《飛天》維持太古踏舞團一貫注重視覺美感營造的作風,
然而部分舞段架構無法從舞蹈主題或節目單中得到邏輯性的答案,讓觀衆有如霧裡看花。
太古踏舞團《飛天》
2001年11月14〜16日
國立藝術館
由林秀偉編舞的《飛天》,維持太古踏舞團一貫注重視覺美感營造的作風,運用紅繩、髮絲、書法、蠶繭、彩帶、布塊等符號,與知名服裝設計師洪麗芬、舞台設計張鶴金、音樂設計李亦青,綿綿密密築構其飛天之夢,黃祖延的燈光設計更爲舞作增添不少光彩。舞蹈從醞釀、創作到完成的過程,創作者經常必須投注極大的心血,甚至以整個生命的熱情來孕育,期待觀賞者的認同。因此如何讓欣賞者從舞蹈語彙、結構或對作品的想像,解讀出其中的含義、體會編創者的意念,進而引發回應,相信是大部分舞蹈創作者所衷心期盼。然而或許因爲編舞者引用反敘事(anti-narrative)與拼貼(collage)的結構原則,以致《飛天》部分舞段的架構,無法從舞蹈主體或節目單中得到邏輯性的答案,觀衆有如霧裡看花。

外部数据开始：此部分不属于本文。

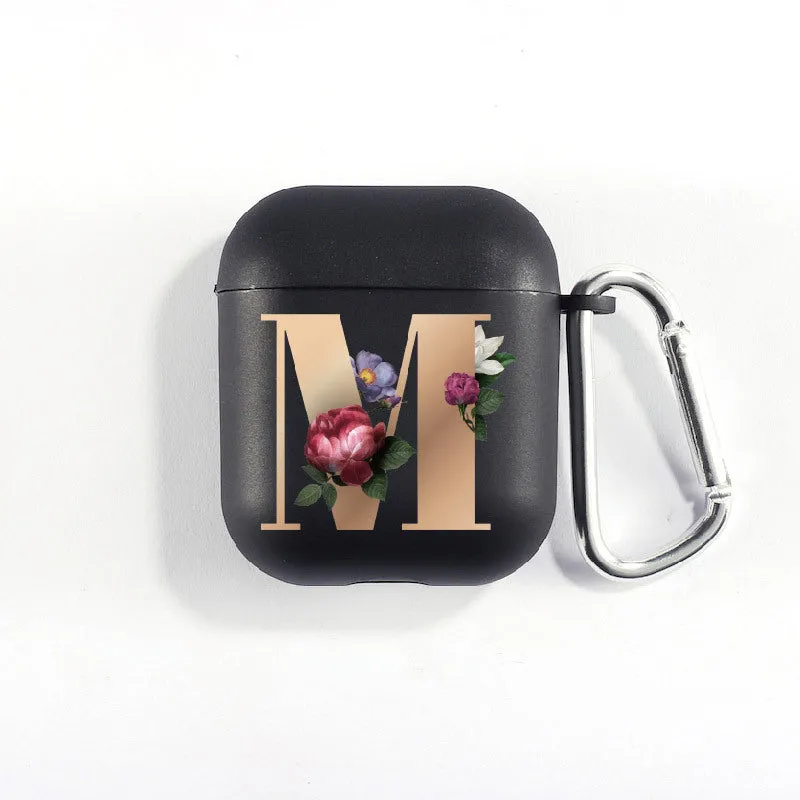Matte black silicone alphabet AirPods case with dust plug, impact-resistant and anti-fingerprint surface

在微薄透光的棉帛天幕之後,舞者屈膝、上身前傾 、挺腰、拱手的身影,經由背光剪影的方式投射於象牙白的天幕上。一個接一個或快或慢移動的身影踩踏在〈絲路〉上,正似橫越西域沙漠的旅人商隊。單一的動作、簡潔的燈光、色澤,點出了遠古時空的情懷。第二段〈情纏〉藉由一男一女背部、手臂的動作以及口中銜含的紅線,帶引出既內斂又深情的兩性關係。兩位舞者的空間位置和動作關係,透過紅線的牽引,舞出前後拉動、左右輕扯抗衡的力流,轉化成多樣的肢體動作與線條構圖。隨著手指在紅線、身體及空間的輕移游走,看似表象的肢體互動,實則傳達了內在的交流溝通。

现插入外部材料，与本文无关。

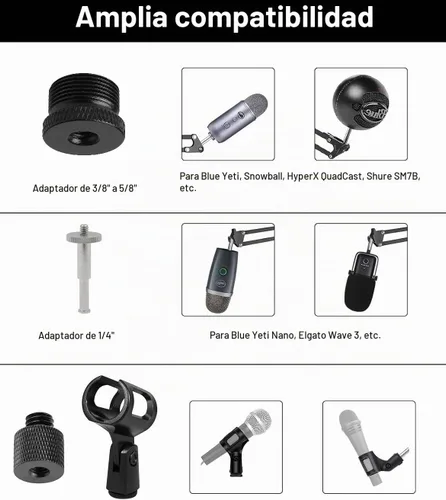 Vista 9 de Soporte de Piso para Micrófono para Blue Yeti, Nano, Snowball, HyperX, Razer, Logitech USB y Micrófono de Condensador, Brazo Articulado Ajustable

〈憶光景〉又分爲「繁華世界」與「幽冥世界」兩部分。手臂上下翻動的舞姿,像春天飛舞的彩蝶,舞者戴麗芳的長髮舞令人讚嘆,看似飄逸的秀麗長髮,甩動起來不僅觸動人心,更將肢體舞動的勁道延展至髮尾末梢,也引領出下一段〈幽冥世界〉的水墨書法。
表象描繪之外,不見深層意涵
將書法應用於舞蹈早已不是新鮮事,如何賦予舊題材新的創意,端看編創者的巧思。林秀偉直接將水墨書法搬上舞台,由「畫師」當場揮毫,雖然與舞段主題有所差池,卻爲整體舞作添增了一份中國人文氣息。編舞者以墨色彩帶取代運筆墨跡,來延續書法的意念,並融合敦煌飛天的古典形象發展成〈飛天〉舞段。彩帶在此擺脫輕柔圓靈的形象,以渾厚勁道呈現剛猛曲折的風貌,吳興國詮釋這段彩帶舞陽剛味十足,雖然演出中途彩帶打結,但仍瑕不掩瑜,絲毫不影響他的舞台丰采。
這兩段舞蹈,或許編創者所力圖傳達的意念,受限於舞蹈本身的題材或劇場條件,無法以具象的方式表達,只能用抽離實體、寫意的手法來表現,卻因此觀賞者只能留滯在舞蹈作品的表層上,無法理解主題與內容的關係或深層內涵。
分分秒秒渲染東方民族風
舞台上一地白色棉布與純淨白色天幕相互呼應,勾勒出瑞雪〈冬藏〉的舞段。獨舞者以口銜咬鋪放在地板上的白色棉布,用擰、轉、迴、旋等簡單的動作,將棉布層層纏捲在身上,形成如吐絲結繭之蠶蛹,象徵生命即將蛻變。但同樣的肢體模式一再反覆應用,了無新意,難免令觀衆感到冗長無趣。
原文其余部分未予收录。